Doların yükselişi nedeniyle satışların azaldığını ve sektörde bir taraftan nakit daralması yaşanırken diğer taraftan giderlerin arttığı ve kredi ödemelerinin de sektörü zora soktuğunu ifade eden Yalçın, buna bağlı olarak kredi veya öz kaynak girdisi ile sektörün kendini takviye etmesi gerektiğini, bu yapılamadığı takdirde inşaat faaliyetinin nakit akışına göre daraltılması gerektiğini belirtiyor.
Kendi finansman sistemini kurdu
Yalçınlar Group olarak bu soruna çözüm bulmak amacıyla kendi finansman sistemlerini kurduklarını ifade eden Yalçın, satışa sundukları villalarda TL ve Dolar ile satış seçenekleri dışında, "dolar düşerse dolar, artarsa TL öde" uygulaması finasman seçenekleri arasında sunduklarını kaydediyor.
Uygulamada, sözleşme imzalanırken Türk lirası çek veya senet aldıklarını belirten Yalçın, dolar artarsa alıcının döviz artış farkını ödemediğini, dolar düşerse dolar olarak hesabına geçirilip fazla ödenen dolar farkının ödeme sonundaki toplam dolar burcu hesabından düşüldüğünü, bakiye alacak varsa alıcıya iade edildiğini söylüyor. Yalçınlar Group'un uyguladığı sistemin alıcıyı hem döviz artışında hem de düşüşünde koruyan avantajlı bir sistem olduğunu dile getiren Yalçın, finansman modelini son satışlarında uyguladıklarını ve müşterileri tarafından beğeniyle karşılandığını belirtiyor.

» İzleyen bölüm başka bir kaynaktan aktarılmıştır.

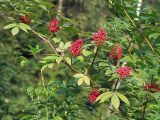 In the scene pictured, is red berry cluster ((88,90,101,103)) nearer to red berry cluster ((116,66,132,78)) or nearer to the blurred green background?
red berry cluster ((116,66,132,78))

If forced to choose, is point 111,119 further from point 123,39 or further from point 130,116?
point 123,39

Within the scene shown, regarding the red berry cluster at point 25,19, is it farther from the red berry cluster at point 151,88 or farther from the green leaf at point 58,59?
the red berry cluster at point 151,88

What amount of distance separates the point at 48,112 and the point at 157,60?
87cm

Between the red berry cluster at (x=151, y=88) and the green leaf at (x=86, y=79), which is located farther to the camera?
the red berry cluster at (x=151, y=88)

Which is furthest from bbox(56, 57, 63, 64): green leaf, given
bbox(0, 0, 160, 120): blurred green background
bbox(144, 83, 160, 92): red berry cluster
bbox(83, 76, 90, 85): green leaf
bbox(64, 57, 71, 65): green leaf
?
bbox(0, 0, 160, 120): blurred green background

Yalçınlar Group olarak finansman sorununu orantısal olarak kendi sermayelerinden, öz kaynaklarından, önceki projelerinden satışta olan gayrimenkullerden, alacaklarından ve üçte birini de uzun vadeli banka proje kredisiyle sağladıklarına değinen Yalçın, sektörde yer alan aktörlerin müşterilerinin beklentilerine göre kendi finans modellerini yaratması gerektiğine vurgu yapıyor.
İdeal seviye 2.5 tl altı
Doların normal seviyesinin enflasyonla, orantılı olması ve istikrarlı bir çizgide seyretmesi gerektiğini belirten Yalçın, bu sayede piyasa dengelerinin korunabileceğini kaydediyor. İdeal seviyenin 2.5 TL olduğunu ifade eden Yalçın, ancak bugün ürküten bir görünüm sunan 2.9 TL gibi bir seviyenin bile süre içinde aynı kalmasının, yani istikrarın olması koşuluyla ekonomi için yeterli olabileceğini belirtiyor. Önemli olan faktörün iniş çıkış hareketleri olduğunu kaydeden Yalçın, bu hareketliliğin yabancı ve yerli yatırımcıyı ürküttüğünü, uzun süreli istikrar durumunda ise ekonominin kendi içinde dengelerini bulduğunu ifade ediyor.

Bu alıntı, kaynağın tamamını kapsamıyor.